:: INPUT MATERIAL ::
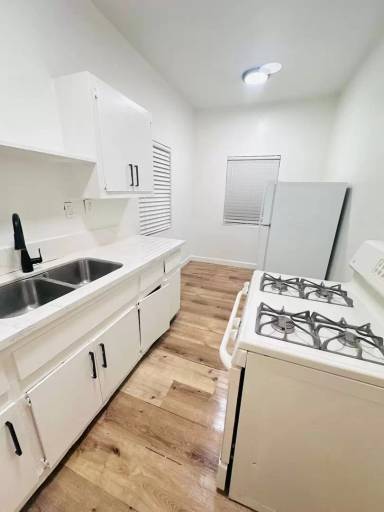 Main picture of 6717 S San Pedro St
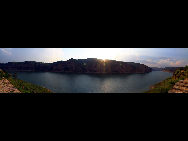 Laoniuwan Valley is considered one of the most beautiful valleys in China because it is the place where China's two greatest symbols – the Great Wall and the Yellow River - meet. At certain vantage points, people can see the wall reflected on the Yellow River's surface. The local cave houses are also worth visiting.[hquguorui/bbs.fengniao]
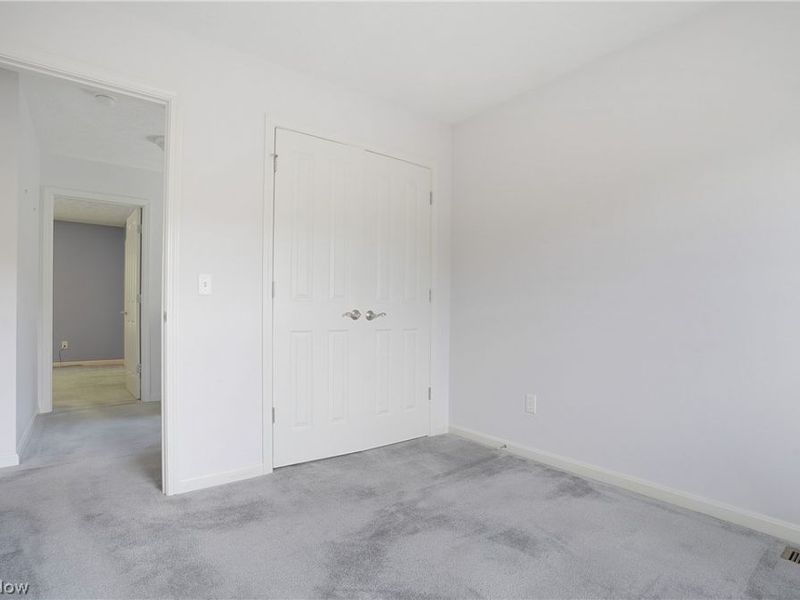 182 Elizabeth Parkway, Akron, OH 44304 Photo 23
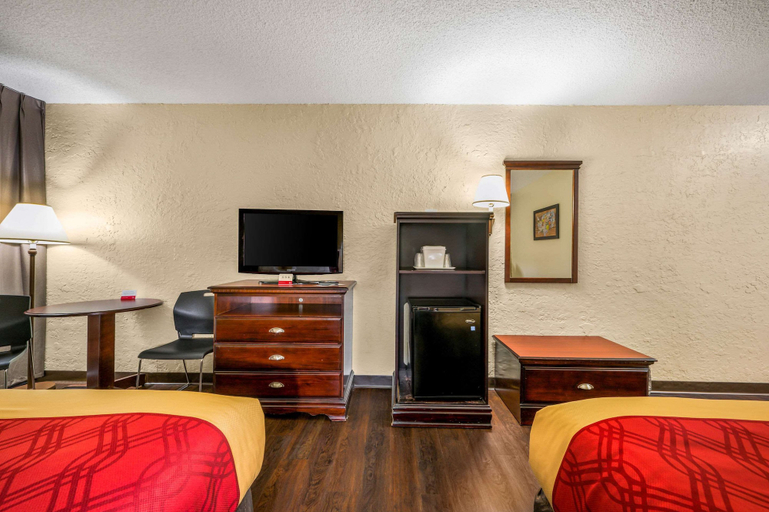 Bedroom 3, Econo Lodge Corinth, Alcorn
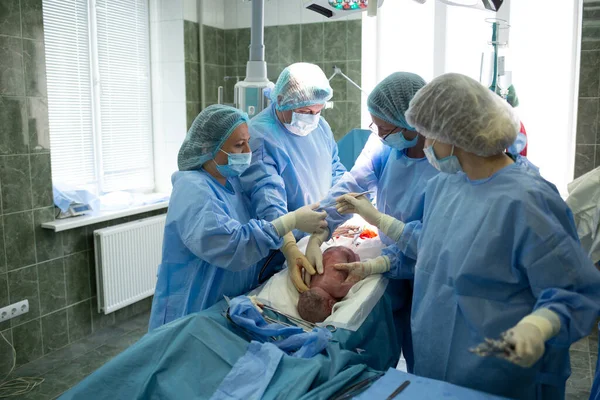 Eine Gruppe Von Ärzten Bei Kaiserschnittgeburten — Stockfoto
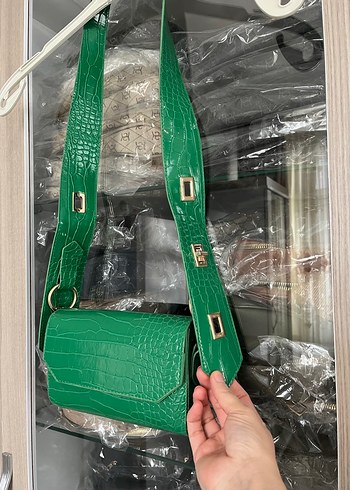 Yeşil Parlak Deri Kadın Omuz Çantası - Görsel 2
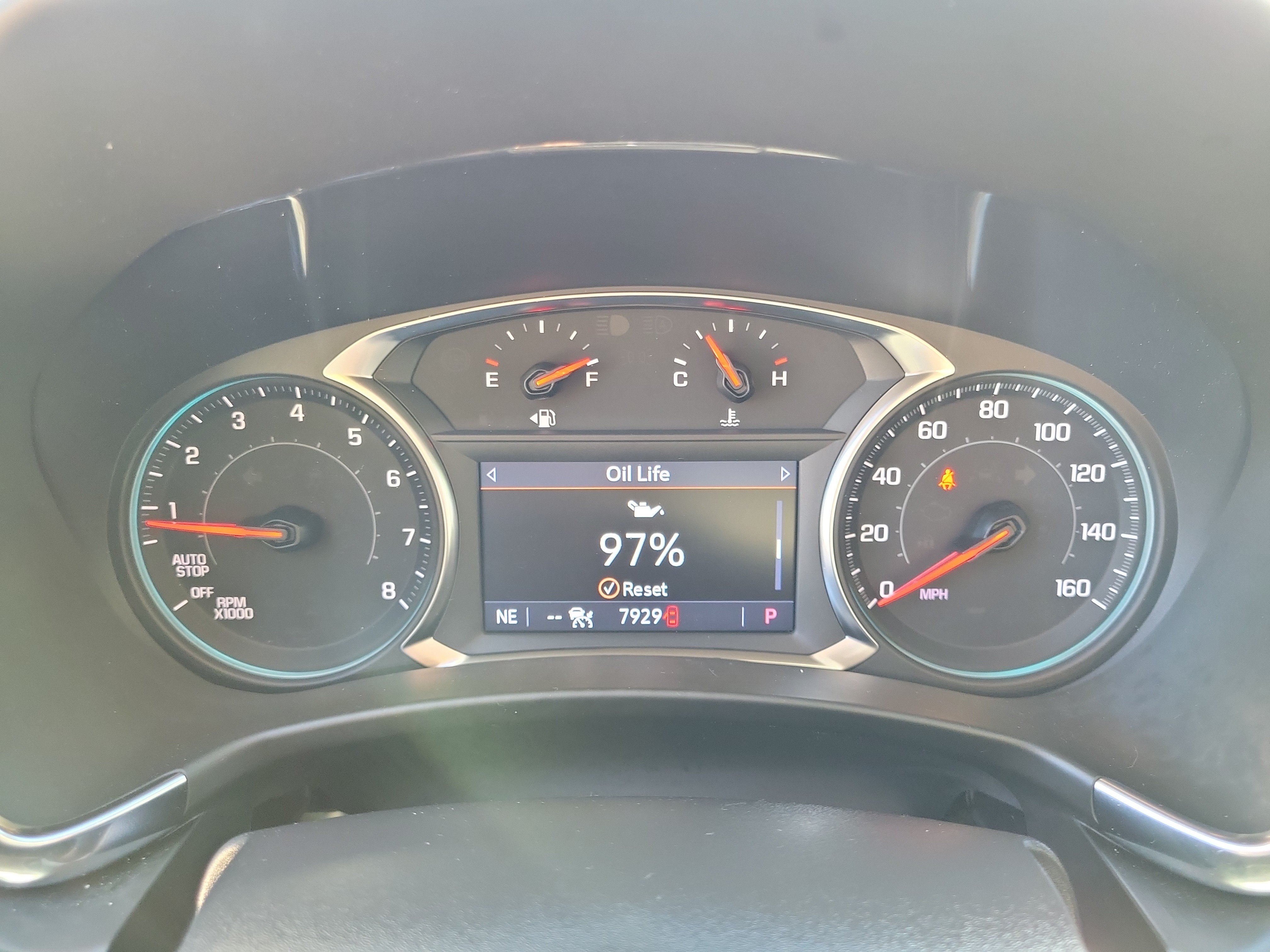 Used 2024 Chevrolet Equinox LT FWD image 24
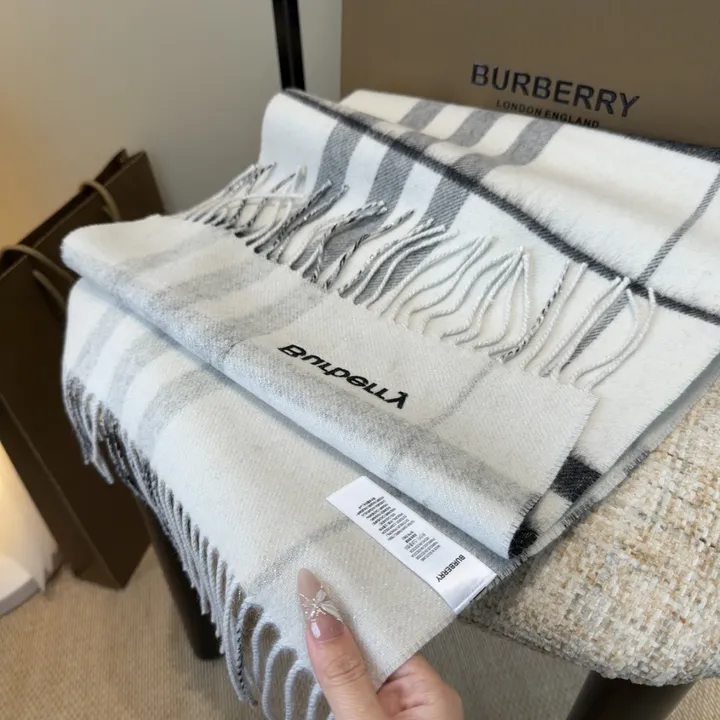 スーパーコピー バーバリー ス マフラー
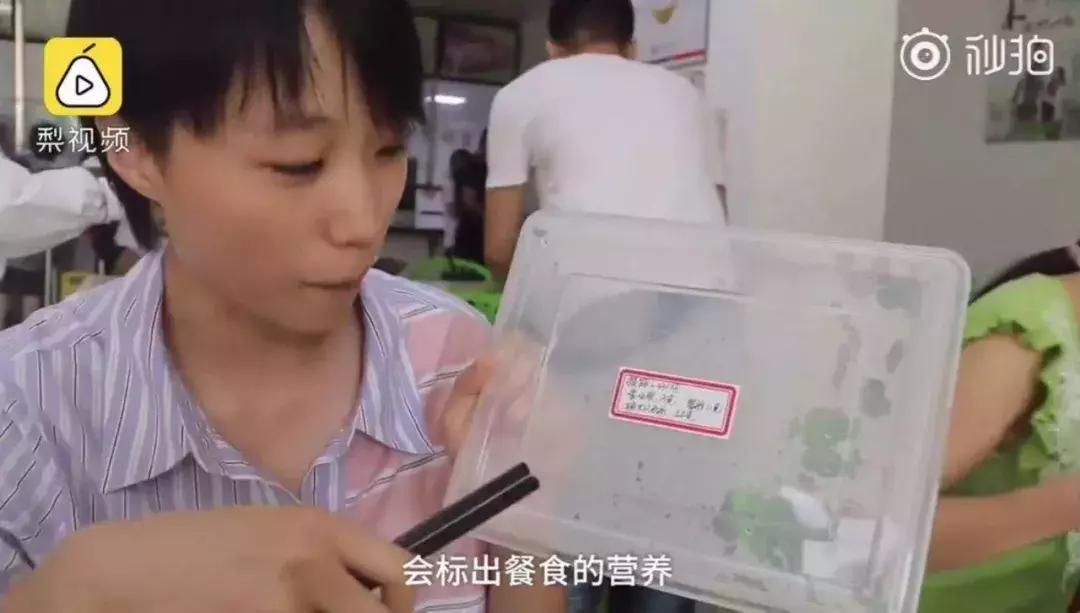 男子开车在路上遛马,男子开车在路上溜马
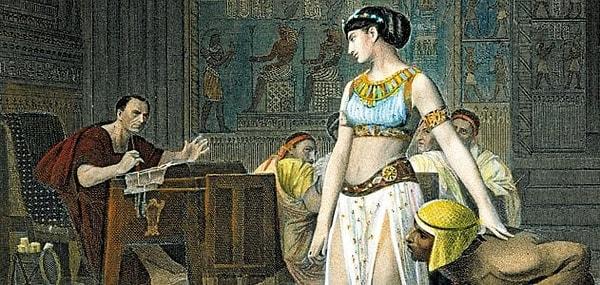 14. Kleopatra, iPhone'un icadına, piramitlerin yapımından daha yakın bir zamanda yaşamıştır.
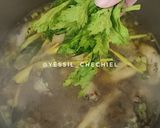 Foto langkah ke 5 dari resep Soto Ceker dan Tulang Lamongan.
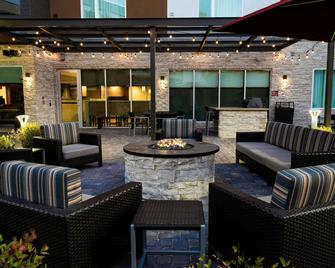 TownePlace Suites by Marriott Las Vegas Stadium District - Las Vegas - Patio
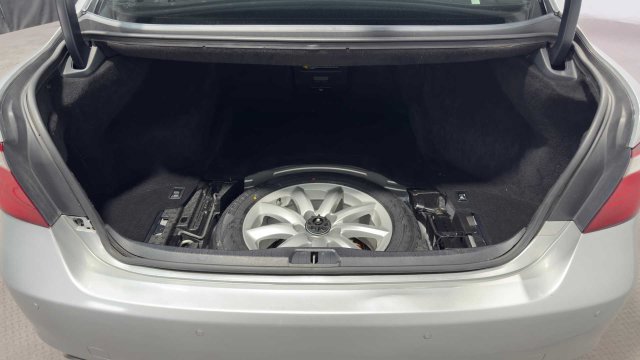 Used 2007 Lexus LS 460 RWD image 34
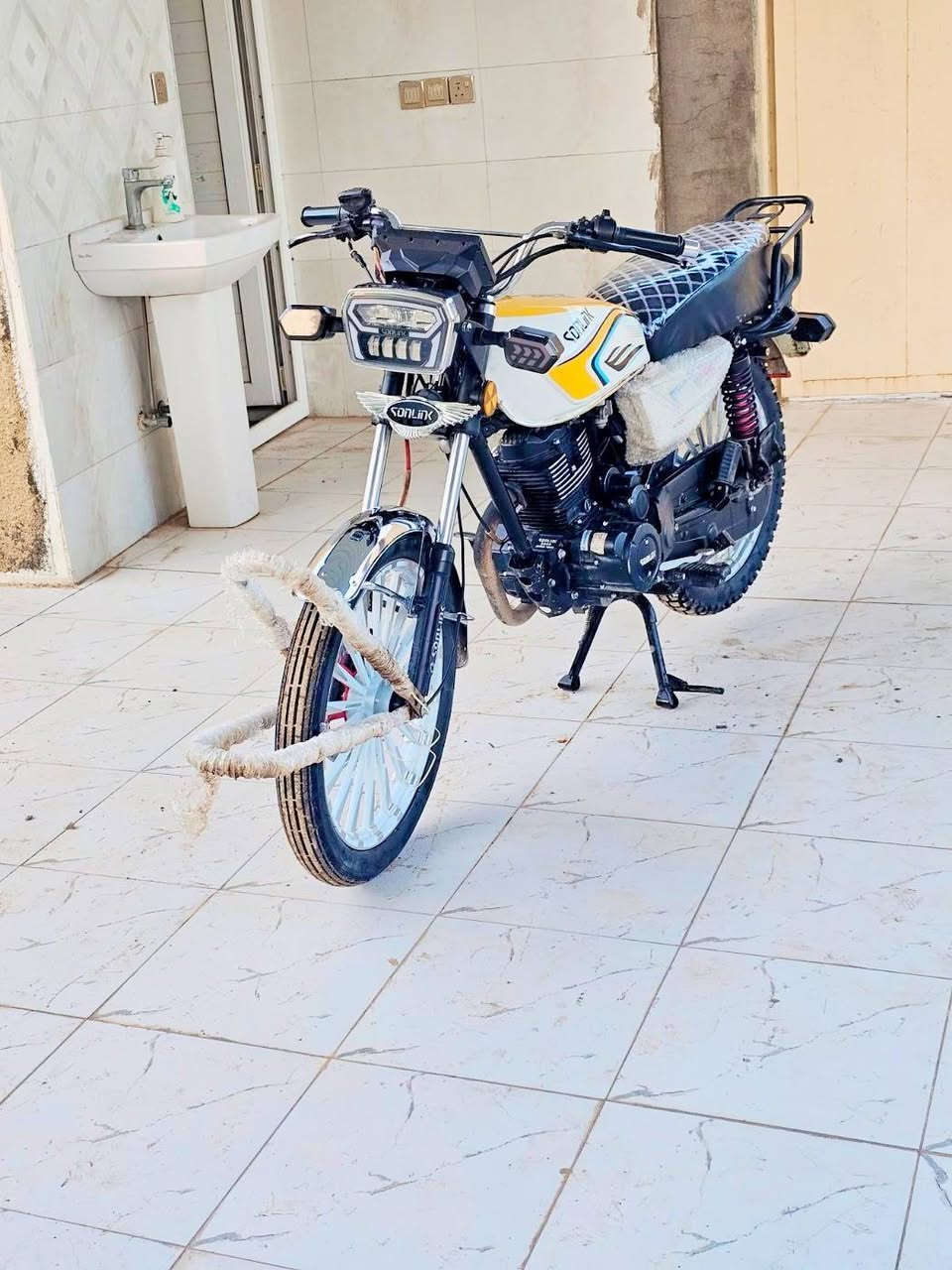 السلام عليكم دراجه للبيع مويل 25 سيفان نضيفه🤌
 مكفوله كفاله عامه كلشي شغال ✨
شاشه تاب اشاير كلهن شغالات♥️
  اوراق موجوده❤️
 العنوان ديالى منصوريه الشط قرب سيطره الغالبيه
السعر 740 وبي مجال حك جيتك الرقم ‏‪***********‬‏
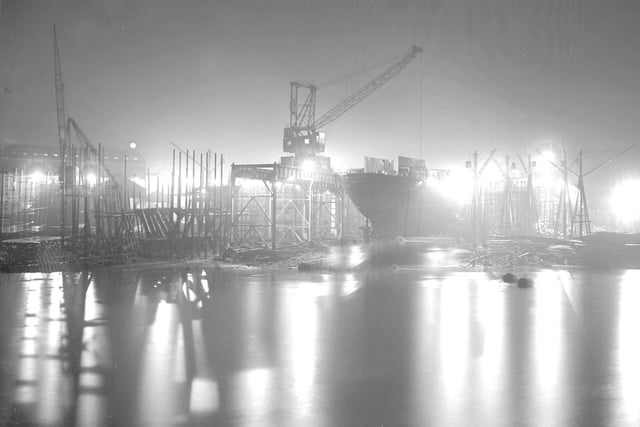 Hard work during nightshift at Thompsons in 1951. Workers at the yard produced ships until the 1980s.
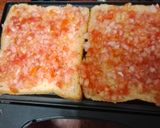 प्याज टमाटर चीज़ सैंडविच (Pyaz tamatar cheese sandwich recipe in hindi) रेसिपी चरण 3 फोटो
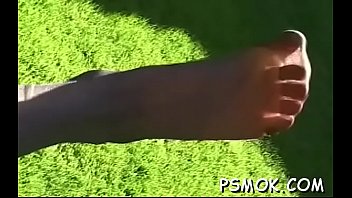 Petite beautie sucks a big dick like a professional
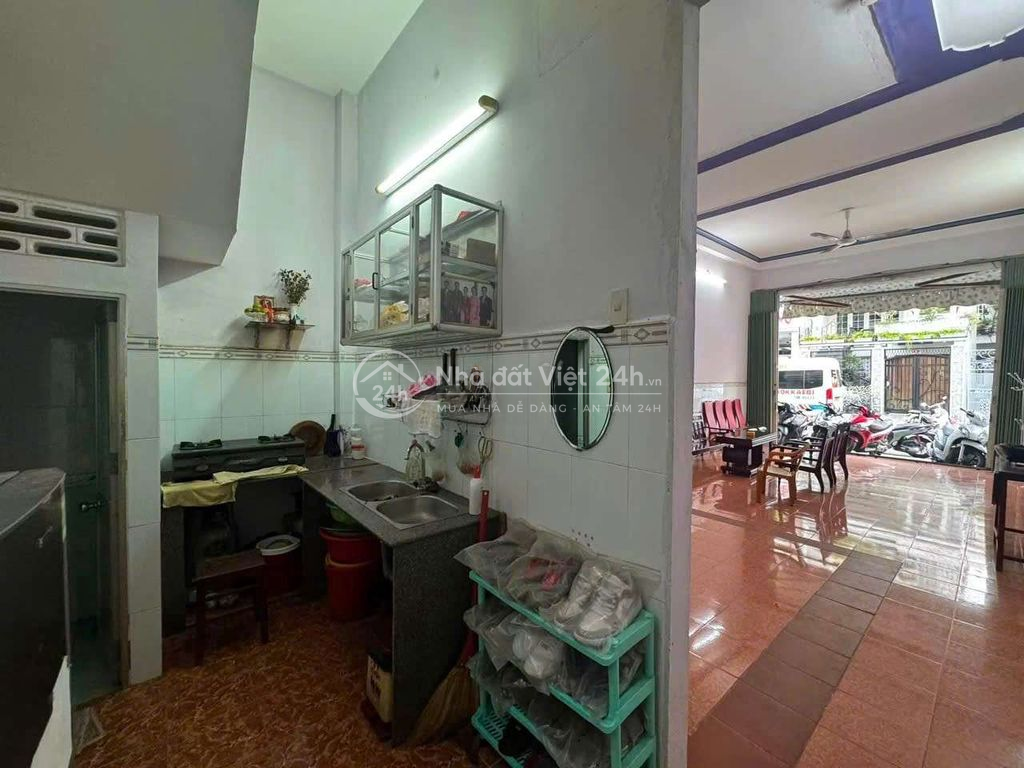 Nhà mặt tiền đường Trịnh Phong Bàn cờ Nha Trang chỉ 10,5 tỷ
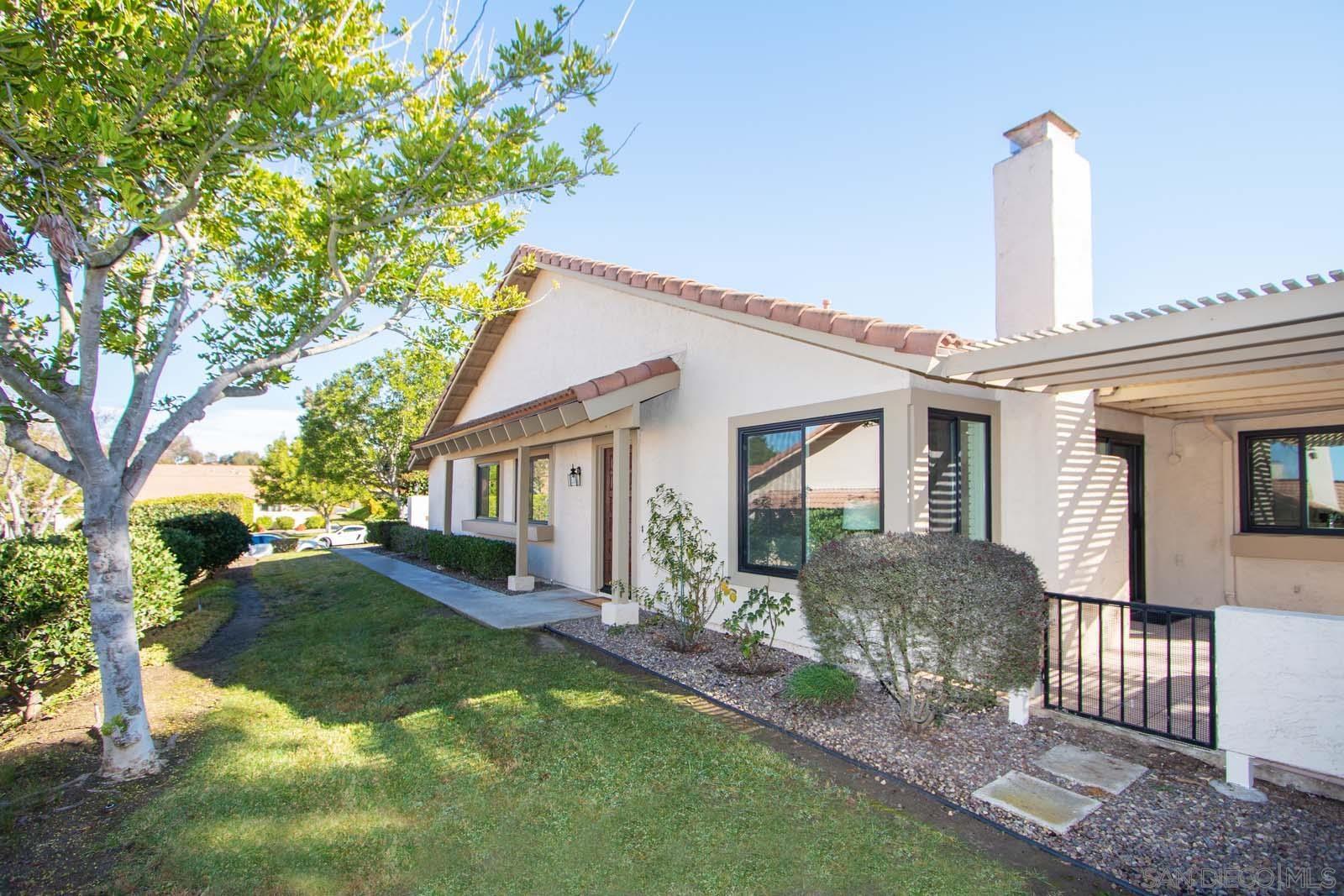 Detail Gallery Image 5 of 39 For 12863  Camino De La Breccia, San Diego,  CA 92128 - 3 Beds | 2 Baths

:: TASK REQUIREMENTS ::
Using the data above, retype exactly and only the lines from the one containing "Yeşil Parlak Deri" up to and including the one containing "العنوان ديالى منصوريه", with no pictures carried over.

:: TASK RESULT ::
 Yeşil Parlak Deri Kadın Omuz Çantası - Görsel 2
 Used 2024 Chevrolet Equinox LT FWD image 24
 スーパーコピー バーバリー ス マフラー
 男子开车在路上遛马,男子开车在路上溜马
 14. Kleopatra, iPhone'un icadına, piramitlerin yapımından daha yakın bir zamanda yaşamıştır.
 Foto langkah ke 5 dari resep Soto Ceker dan Tulang Lamongan.
 TownePlace Suites by Marriott Las Vegas Stadium District - Las Vegas - Patio
 Used 2007 Lexus LS 460 RWD image 34
 السلام عليكم دراجه للبيع مويل 25 سيفان نضيفه🤌
 مكفوله كفاله عامه كلشي شغال ✨
شاشه تاب اشاير كلهن شغالات♥️
  اوراق موجوده❤️
 العنوان ديالى منصوريه الشط قرب سيطره الغالبيه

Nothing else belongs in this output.